The same repeated number may be chosen from C unlimited number of times.
For example, given candidate set 2,3,6,7 and target 7,
A solution set is:
[7]
[2, 2, 3]
Notice
All numbers (including target) will be positive integers.
Elements in a combination (a1, a2, … , ak) must be in non-descending order. (ie, a1 ≤ a2 ≤ … ≤ ak).
The solution set must not contain duplicate combinations.
Solution
与Subsets类似。
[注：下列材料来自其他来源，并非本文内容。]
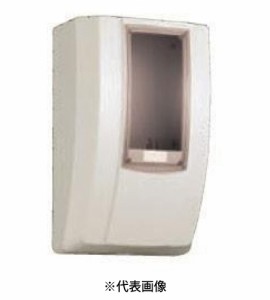 日東工業 MBC-331WGA メーターボックス 隠蔽配線用 適用電力量計:単(三)相3線式30A、120A 1コ用  寸法mm ヨコ250タテ410フカサ190 色彩N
注意几点:
1) 每加入一个数,就要把下一层的targte为原来的targte减去这个数
2) 需要考虑避免重复:对元素排序,判断是否和前一个数等值
3) 可以重复取相同元素,所以下一层的起始pos和上一层相同
代码如下:
public class Solution {
/**
* @param candidates: A list of integers
* @param target:An integer
* @return: A list of lists of integers
*/
public ArrayList<ArrayList<Integer>> combinationSum(int[] candidates, int target) {
// write your code here
ArrayList<ArrayList<Integer>> result = new ArrayList<ArrayList<Integer>>();
if(candidates == null || candidates.length == 0 || target <= 0){
return result;
}
ArrayList<Integer> list = new ArrayList<Integer>();
Arrays.sort(candidates);
helper(result, list, candidates, target, 0);
return result;
}
private void helper(ArrayList<ArrayList<Integer>> result, ArrayList<Integer> list, int[] candidates, int target, int pos){
if(target == 0){
result.add(new ArrayList<Integer>(list));
return;
}
for(int i = pos; i < candidates.length; i++){
if(i != 0 && candidates[i] == candidates[i - 1]){
continue;
}
if(candidates[i] > target){
return;
}
list.add(candidates[i]);
helper(result, list, candidates, target - candidates[i], i);
list.remove(list.size() - 1);
}
}
}